Sur Hairy Bones, l’électricité n’est pas utilisée comme un simple renfort pour la rythmique - pour trouver ici une once de groove élastique c’est peine perdue - ni comme matière démonstrative à solo. Massimo Pupillo s’essaie à un jeu plus en retrait que celui qu’il pratique avec Zu mais constituant toujours une solide assise (associé à Paal Nilssen-Love ils forment l’une des meilleures sections rythmiques du genre improvisé). C’est du côté de Toshinori Kondo que l’on trouve l’influence la plus directe de l’électricité tant le jeu de trompettiste en est radicalement modifié, faisant passer sa pratique de l’instrument à un tout autre stade, interstellaire, bien loin de l’effet pittoresque de l’expérimentation pour pas cher. Mieux : le jeu sinueux et coulant de Kondo s’accorde parfaitement avec celui - tout en flux également - de Brötzmann et finit même par influencer celui-ci, qui sur la deuxième moitié du disque altère le son de son instrument (mais tout au long du disque j’ai trouvé qu’il était plus étouffé que d’habitude), lui cherche des similitudes avec celui de la trompette électrique du japonais. On sait depuis les expériences en solo de Peter Brötzmann (comme le très bel album Right As Rain dédié à son vieil ami Werner Lüdi) que le saxophoniste allemand a un phrasé inimitable également lorsqu’il souffle dans le registre du ténu et presque de la pudeur - loin de sa réputation non usurpée d’artificier du free. Il nous livre là une performance passionnée et toute en contrastes, réellement l’une de ses meilleures depuis bien longtemps, et évite de se faire voler le rôle de la vedette par Toshinori Kondo que d’extrême justesse.

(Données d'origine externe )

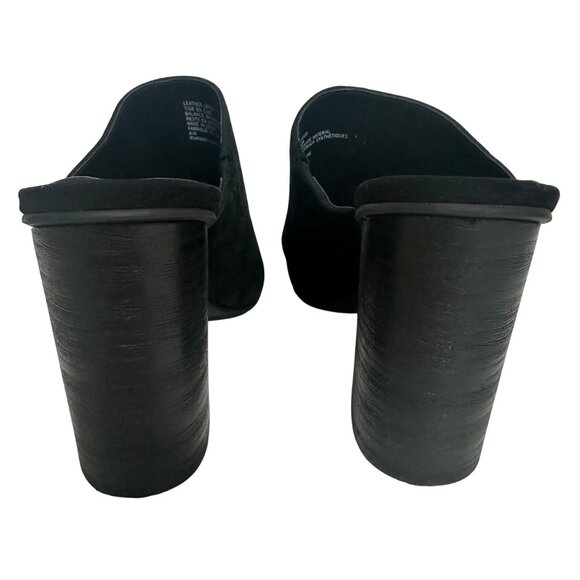 Nordstrom BP. Black Womens Suede Peep-Toe Block Heel Mules SZ 8.5M Slide Goth - Picture 7 of 11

Hairy Bones a tout donc tous les éléments pour glisser d’un free jazz hargneux vers quelque chose de plus pâteux et de plus transformiste, le quartet en oublie parfois les idiomes classiques du (free) jazz sans tomber dans les pièges du contemporain et installe une atmosphère captivante et épidermique. Enregistré en concert en 2008 à Amsterdam et publié par Okka Disc, Hairy Bones capte un instantané fulgurant de grâce et d’invention permanente. Peter Brötzmann et ses trois camarades donneront quelques concerts en Europe au mois d’octobre dont le 25 au festival Densités de Fresnes-en-Woëvre (dans la Meuse, pas très très loin de Nancy) et le 26 octobre à la Cave 12 de Genève*.